Data to examine |
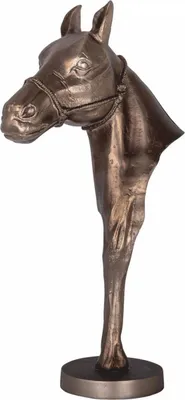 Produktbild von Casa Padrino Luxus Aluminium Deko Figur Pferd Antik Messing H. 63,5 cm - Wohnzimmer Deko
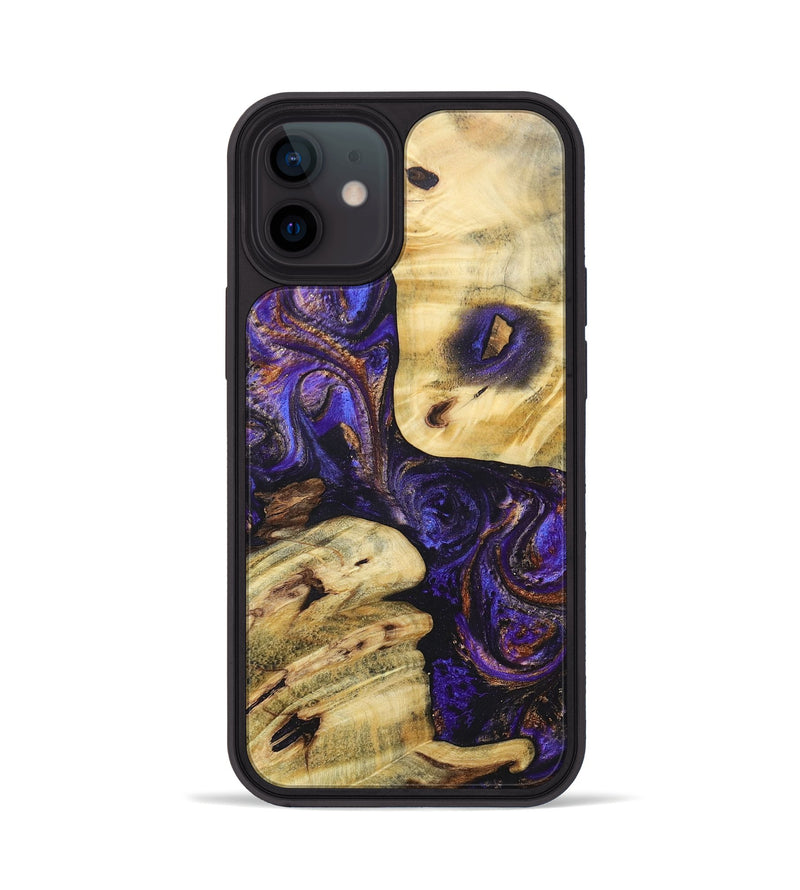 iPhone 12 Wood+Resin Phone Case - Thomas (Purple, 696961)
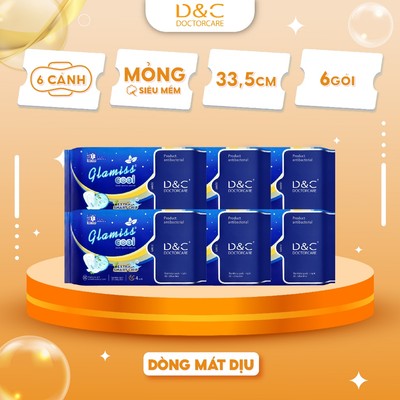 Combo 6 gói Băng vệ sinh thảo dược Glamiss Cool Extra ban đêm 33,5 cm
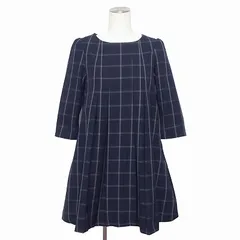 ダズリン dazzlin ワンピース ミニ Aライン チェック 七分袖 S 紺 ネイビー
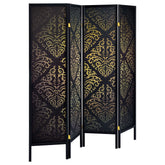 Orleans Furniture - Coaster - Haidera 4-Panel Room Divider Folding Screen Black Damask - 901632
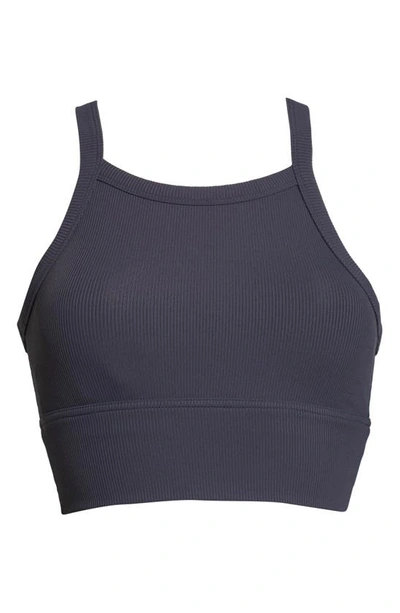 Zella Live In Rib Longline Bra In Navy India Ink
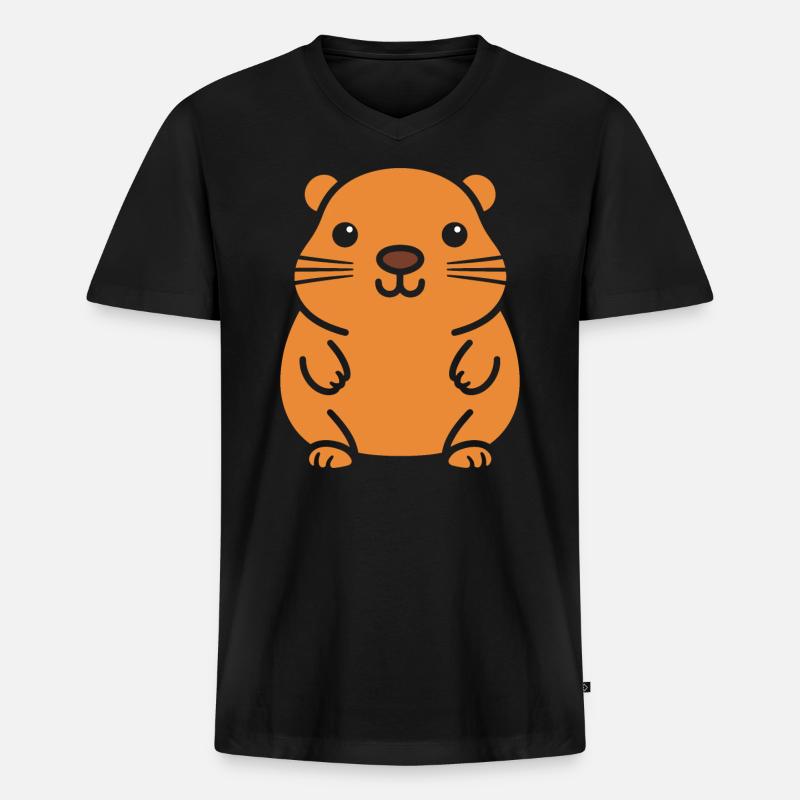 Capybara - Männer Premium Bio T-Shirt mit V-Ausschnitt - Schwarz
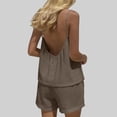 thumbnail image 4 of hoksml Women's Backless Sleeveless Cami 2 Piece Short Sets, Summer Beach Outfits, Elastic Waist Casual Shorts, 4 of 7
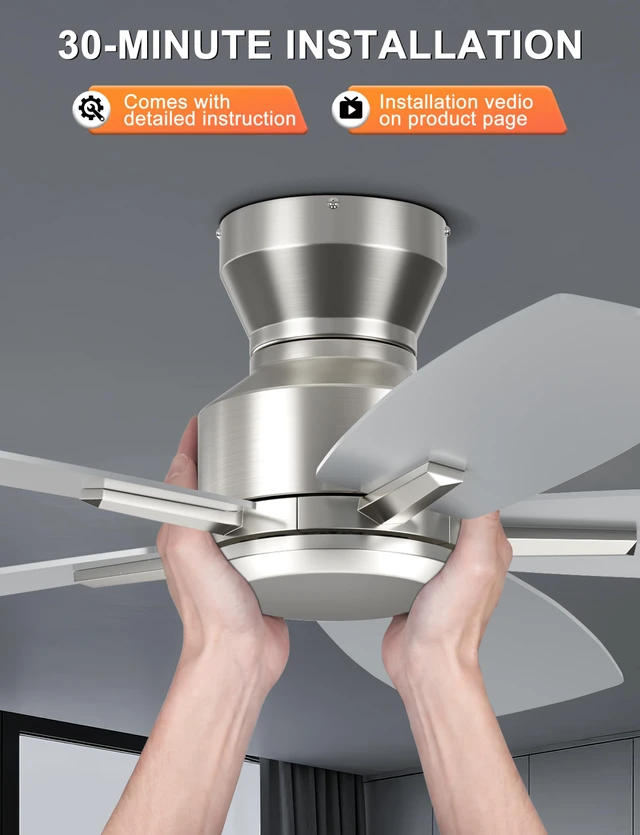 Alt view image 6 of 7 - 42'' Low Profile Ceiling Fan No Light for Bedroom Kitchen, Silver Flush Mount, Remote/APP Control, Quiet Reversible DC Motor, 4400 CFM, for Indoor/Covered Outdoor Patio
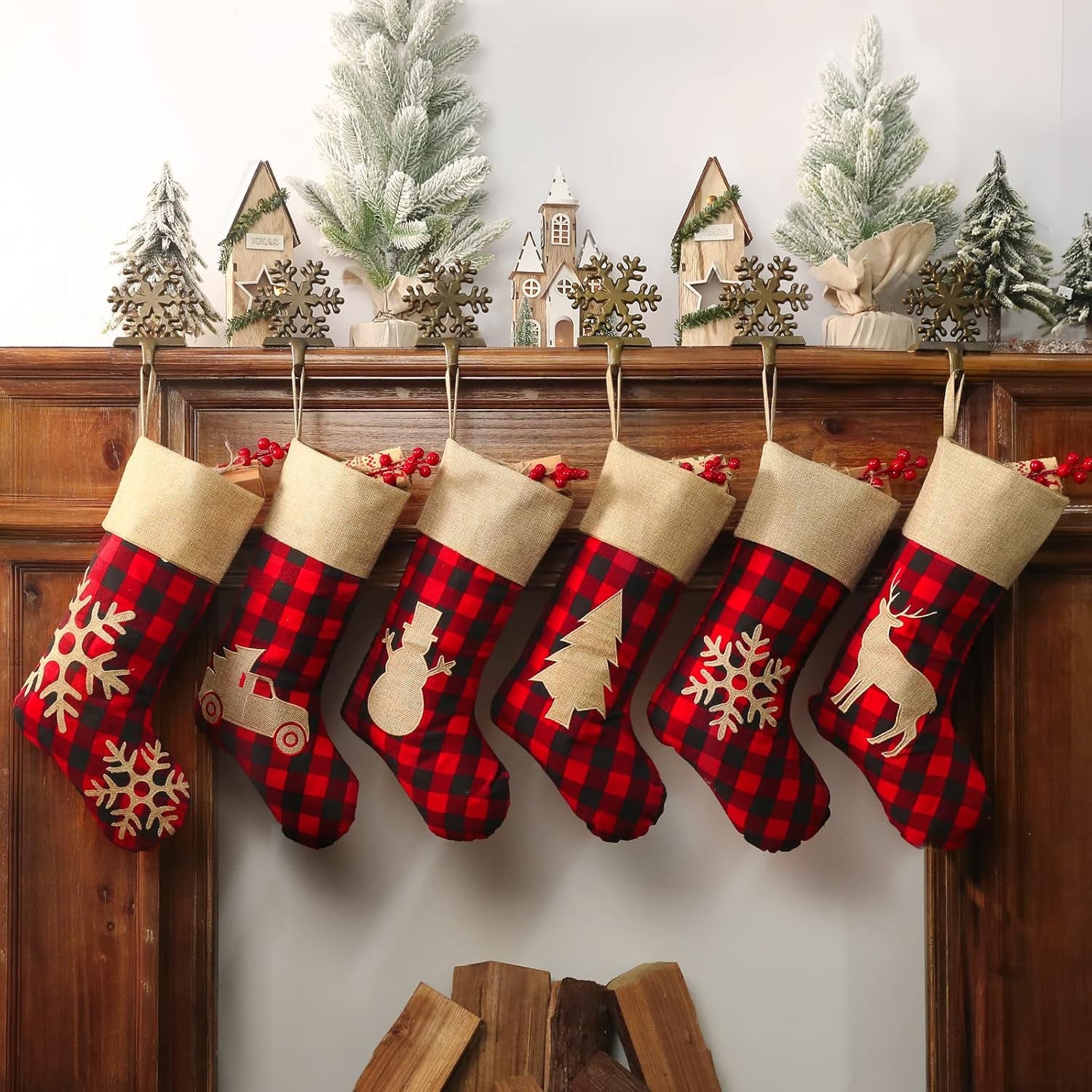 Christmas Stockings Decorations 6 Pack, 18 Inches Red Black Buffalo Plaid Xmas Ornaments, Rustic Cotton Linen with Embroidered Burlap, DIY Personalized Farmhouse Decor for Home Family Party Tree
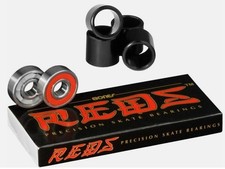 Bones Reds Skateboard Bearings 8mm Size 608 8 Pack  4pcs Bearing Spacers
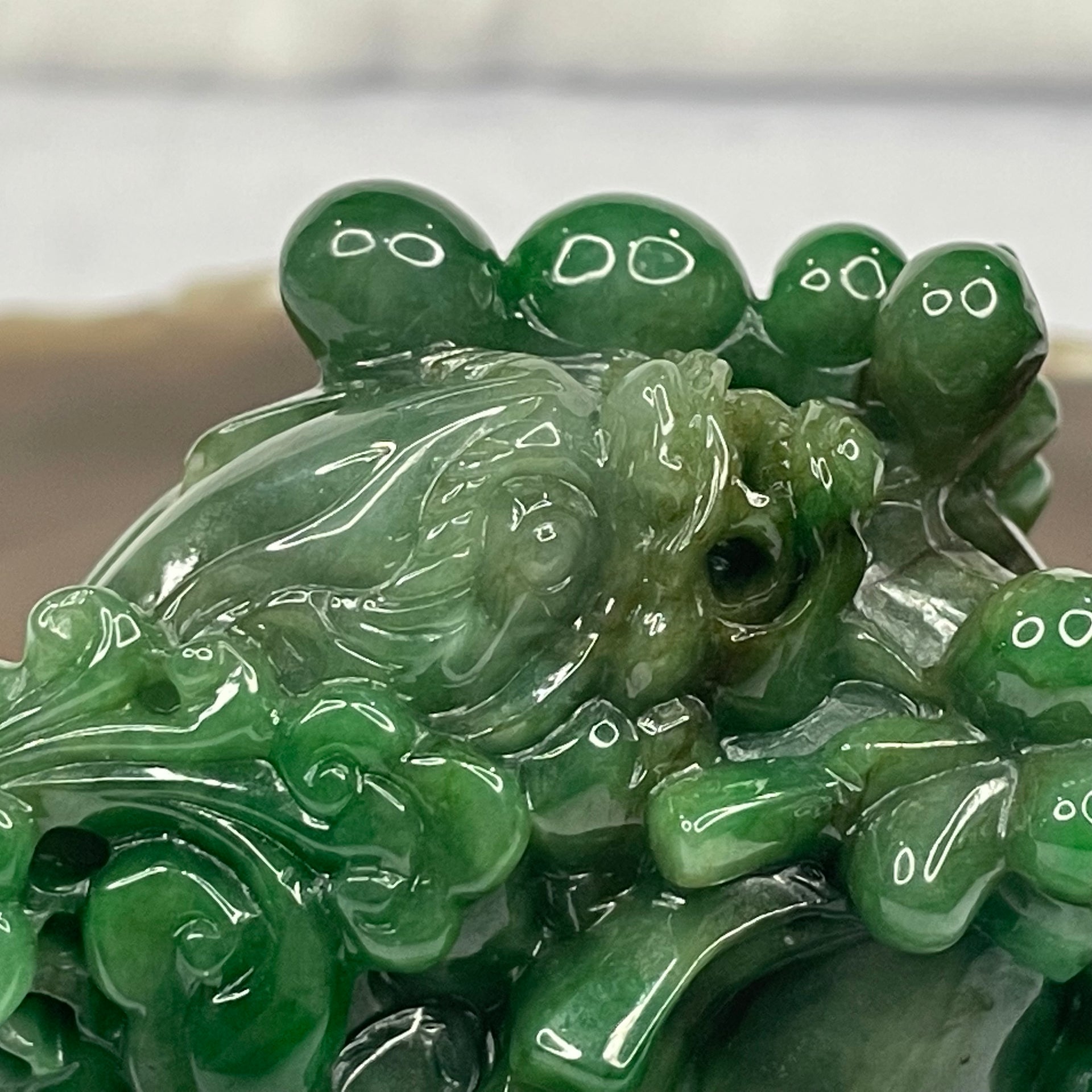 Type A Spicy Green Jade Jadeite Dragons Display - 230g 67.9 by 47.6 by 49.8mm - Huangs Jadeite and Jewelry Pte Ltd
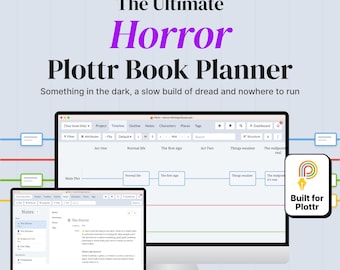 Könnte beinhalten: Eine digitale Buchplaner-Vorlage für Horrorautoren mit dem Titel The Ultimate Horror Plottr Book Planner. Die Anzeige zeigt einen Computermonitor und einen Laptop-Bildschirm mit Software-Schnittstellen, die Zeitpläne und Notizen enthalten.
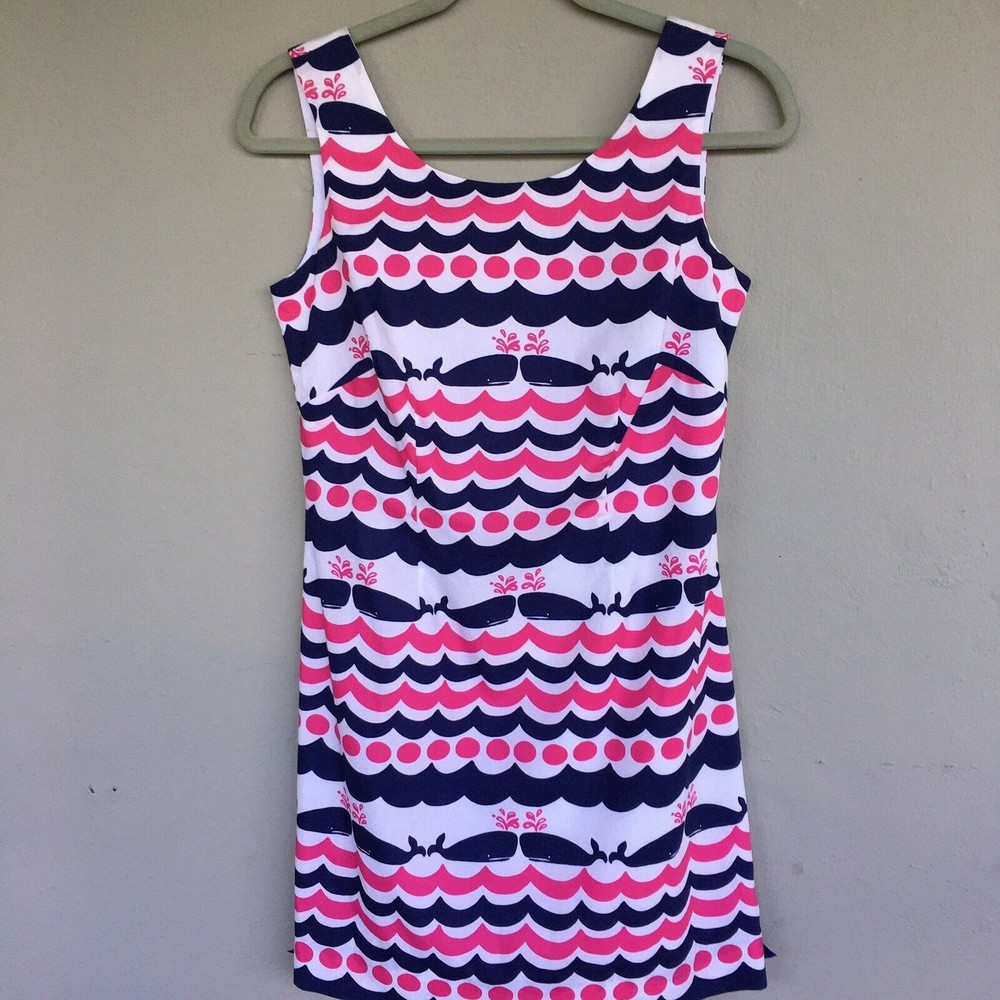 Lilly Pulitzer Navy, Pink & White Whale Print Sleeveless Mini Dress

What you need to do |
Leaving all pictures aside, print exactly the lines from the one that contains "Type A Spicy" through the last line of the data above, inclusive.

Solution to this task |
 Type A Spicy Green Jade Jadeite Dragons Display - 230g 67.9 by 47.6 by 49.8mm - Huangs Jadeite and Jewelry Pte Ltd
 Könnte beinhalten: Eine digitale Buchplaner-Vorlage für Horrorautoren mit dem Titel The Ultimate Horror Plottr Book Planner. Die Anzeige zeigt einen Computermonitor und einen Laptop-Bildschirm mit Software-Schnittstellen, die Zeitpläne und Notizen enthalten.
 Lilly Pulitzer Navy, Pink & White Whale Print Sleeveless Mini Dress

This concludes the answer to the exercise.